Sunshine Energy Australia Pty Ltd v Youssef [2023] FCA 189

Division:

General Division

Registry:

Queensland

National Practice Area:

Commercial and Corporations

Sub-area:

Commercial Contracts, Banking, Finance and Insurance

Number of paragraphs:

33

Date of hearing:

29 May 2023

Counsel for the Applicants:

Mr B Hall

Solicitor for the Applicants:

Niren Raj Law Pty Ltd

Counsel for the First Respondent:

Mr N Furlan

Solicitor for the First Respondent:

Watson Webb

Counsel for the Fifth Respondent:

Ms A Nicholas

Solicitor for the Fifth Respondent:

Norton Rose Fulbright

ORDERS

QUD 106 of 2023

BETWEEN:

SUNSHINE ENERGY AUSTRALIA PTY LTD (ACN 617 880 752)

First Applicant

AUSTRALIA ENERGY GROUP PTY LTD (ACN 627 978 689)

Second Applicant

AND:

ANTHONY JOHN YOUSSEF

First Respondent

KEPPEL RENEWABLE ENERGY PTY LTD COMPANY REGISTRATION NUMBER 201907077R

Second Respondent

KEPPEL RENEWABLE ENERGY AUSTRALIA PTY LTD ACN 659 726 468

Third Respondent

KRE ANCHORAGE PTE LTD

Fourth Respondent

HARLIN SOLAR PTY LTD ACN 643 351 044

Fifth Respondent

order made by:

SARAH C DERRINGTON J

DATE OF ORDER:

29 May 2023

THE COURT ORDERS THAT:

1.    The Interlocutory Application filed 3 May 2023 be dismissed.

2.    The Applicants pay the First Respondent’s costs in proceeding QUD 183 of 2022 in the lump sum of $138,000.00.

3.    The Applicants pay the First Respondent’s costs of and incidental to the Interlocutory Application.

4.    The Applicants pay the Fifth Respondent’s costs in proceeding QUD 183 of 2022 in the lump sum of $140,599.71.

5.    The Applicants be granted leave to claim the same relief as sought in this proceeding and QUD 183 of 2022 upon the conditions that:

(a)    they have paid the sums as ordered in Orders 2, 3 and 4 above prior to the date of filing any new proceeding; and

(b)    they provide security for the costs of each of the First and Fifth Respondents’ costs in the sums of $350,000.00 and $337,000.00 respectively by payment of funds into Court or by providing a bank guarantee in a form acceptable to the Court on the date of filing any new proceeding.

Note:    Entry of orders is dealt with in Rule 39.32 of the Federal Court Rules 2011.

REASONS FOR JUDGMENT

(Revised from the transcript)

SARAH C DERRINGTON J:

1    The matter for determination is whether the Court should grant leave to the applicants (Sunshine Energy) pursuant to r 39.03(1)(b) of the Federal Court Rules 2011 (Cth) to claim against the first and fifth respondents (Mr Youssef and Harlin Solar Pty Ltd respectively, and collectively the respondents) in this proceeding for the same relief as claimed in QUD 183 of 2022 (Former Proceedings).

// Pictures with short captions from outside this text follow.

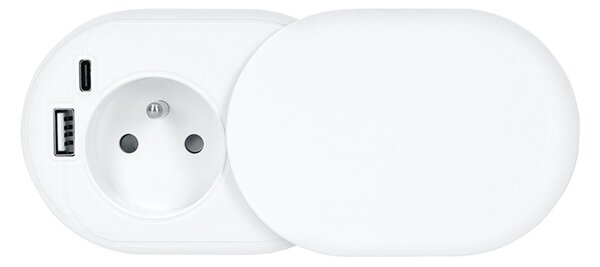 SOLIGHT Vestavná zásuvka s posuvným víčkem, USB A+C 20W PD, 2m, matná bílá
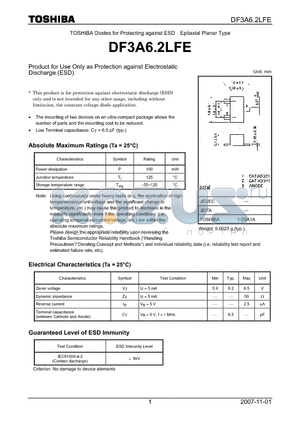 DF3A6.2LFE datasheet - Product for Use Only as Protection against Electrostatic Discharge (ESD).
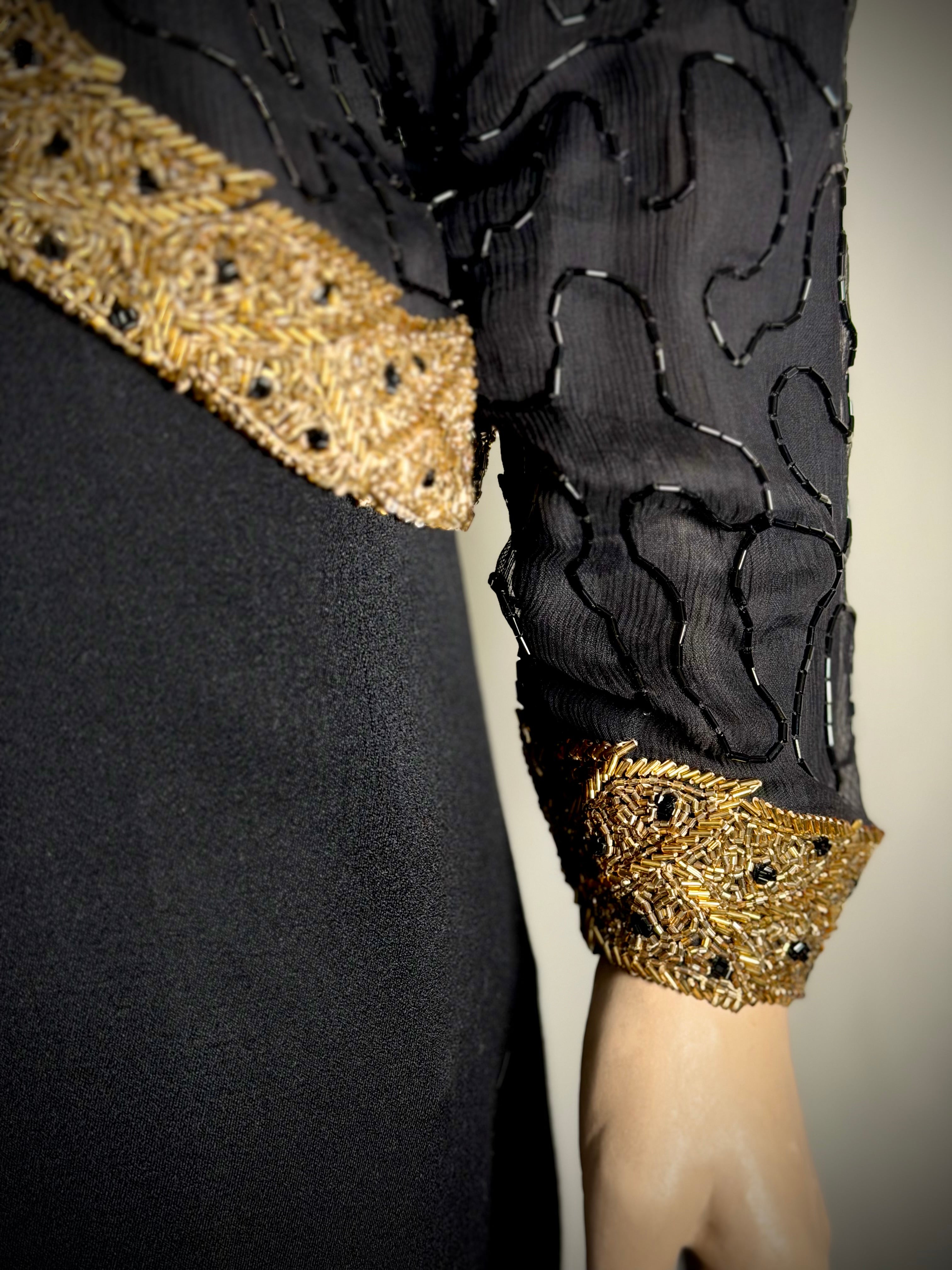 Hand-Embroidered Black & Gold Evening Jacket - One-of-a-Kind Luxe Vintage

2    On 9 March 2023, I dismissed the Former Proceedings under s 56(4) of the Federal Court of Australia Act 1976 (Cth) (FCA Act) for Sunshine Energy’s failure to comply with a security for costs order: Sunshine Energy Australia Pty Ltd v Youssef [2023] FCA 189 (Sunshine Energy).

3    On 22 March 2023, Sunshine Energy filed an originating application and statement of claim in the present proceedings, which are substantially in the same form, and claim the same breaches, as in the Former Proceedings. The matter was listed for first case management hearing on 20 April 2023, at which point Sunshine Energy sought and was granted orders to file and serve an interlocutory application to seek leave to claim the same relief in a new proceeding.

4    Mr Youssef and Harlin oppose the application on five grounds:

(a)    the continuing, and admitted, impecuniosity of the Sunshine Energy;

(b)    the unlikelihood of security being provided if leave were to be granted;

(c)    Sunshine Energy’s continuing non-compliance with orders of the Court;

(d)    the relative weakness of the claim as pleaded;

(e)    the prejudice sustained by each of Mr Youssef and Harlin.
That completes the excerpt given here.